MBA - Masters of Business Administration. That's the degree I'm going after. It'll be part time, possibly online or a mix of online and on-campus. I'm researching schools now. It's going to take a while - probably three or four years at the pace my home and work life can handle.

What will this do to my writing? Heck if I know, but something will have to give. I'm thinking of ways to balance work, family, friends, education and writing. I think the community aspect of writing may need to diminish if I'm to keep on writing novels, at least when school is in session. I can't stop writing. My brain just keeps pumping out strange and wonderful story ideas, and I need to put them on paper.


*Sigh*

3/3/11

A Little Planning Goes a Long Way

I just finished listening to the audio book version of Scott Westerfeld's, Behemoth, the follow up to Leviathan. You can generally find me reading one novel while listening to another on the daily trip to and from work. It takes me a while to get into Steampunk novels, but I jumped right into Behemoth. It's a fascinating genre, one that requires quite a lot of planning.  Westerfeld must have done a serious amount of outlining for this series, because it offers a richly detailed alternate history of the events leading up to World War I.

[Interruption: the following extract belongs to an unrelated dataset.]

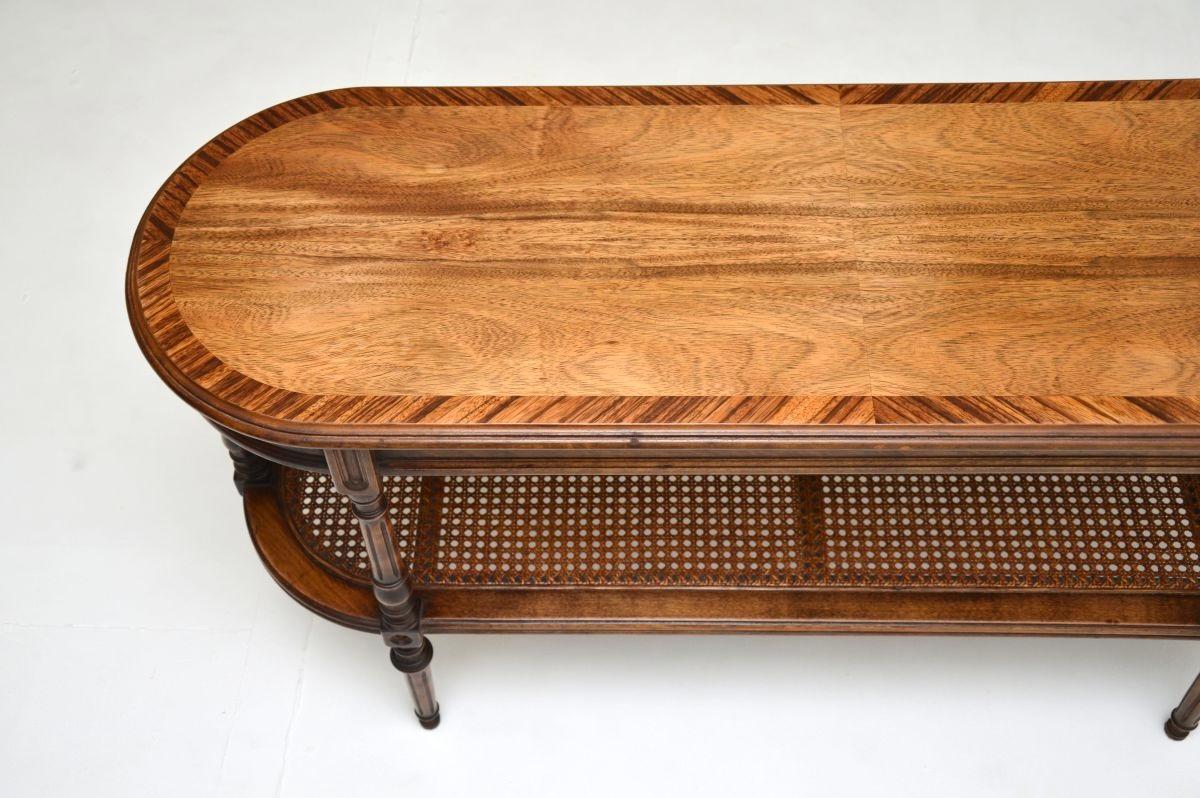 Table d'appoint / table basse ancienne en noyer français Bon état - En vente à London, GB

Now I'm waiting for the audio book version of Cassandra Clare's Clockwork Angel to free up at the library. But as I often do, when I'm waiting and I'm in the mood, I'll pop in a Harry Potter CD for the drive. So, in went Deathly Hallows. And you know what? J.K. Rowling must have outlined the heck out of the series.

Seriously! When she wrote the Order of the Phoenix, did she plan for Regulus Black's locket to be thrown out with the trash, knowing full well that it was actually Slytherin's locket, which, as one of Voldemort's horcruxes, held a piece of his damaged soul? Did she do so knowing the prominent role it would play in the end of Half Blood Prince and a huge portion of Deathly Hallows? Or, when she set out to write the sixth book, did she look back over her earlier novels, looking for anything she might use? Did she say, okay, I need a little something that one of the kids might have seen. Oh, a locket! Hmm. Yeah. Locket. They'll find that locket. And ... and... I'll make it Hufflepuff's locket! Wait. No good. Riddle was in Slytherin's house. It'll be Slytherin's Locket!

Maybe she didn't even think of it when she wrote Half Blood Prince. Perhaps she just said, it'll be a locket, and then when she set out to write the penultimate book, she had to give it a back story. And then she looked back over the previous novels and said, hey look! A locket! They threw out a locket. I need a locket. Let's make up a story about that locket. Really, it could have been anything. What if it wasn't a locket, but an old chocolate frog wrapper in Ron's bedroom? If I wrote it, yeah, probably, and then Sorcerer's Stone wouldn't have been published, and then where would Daniel Radcliffe, Rupert Grint, and Emma Watson be? (Maybe they'd have done just as well, but...)

You see, it couldn't have been a chocolate frog wrapper. I think Ms. Rowling planned out almost every last detail, and that's why the novels are so freaking brilliant. It is 100% clear that terrific series like Westerfeld's Leviathan, Clare's Mortal Instruments and Dashner's Maze Runner were not written organically, with events, plot and characters simply unfolding as they might. Do I know this for a fact? Heck, no. But it sure smells like it.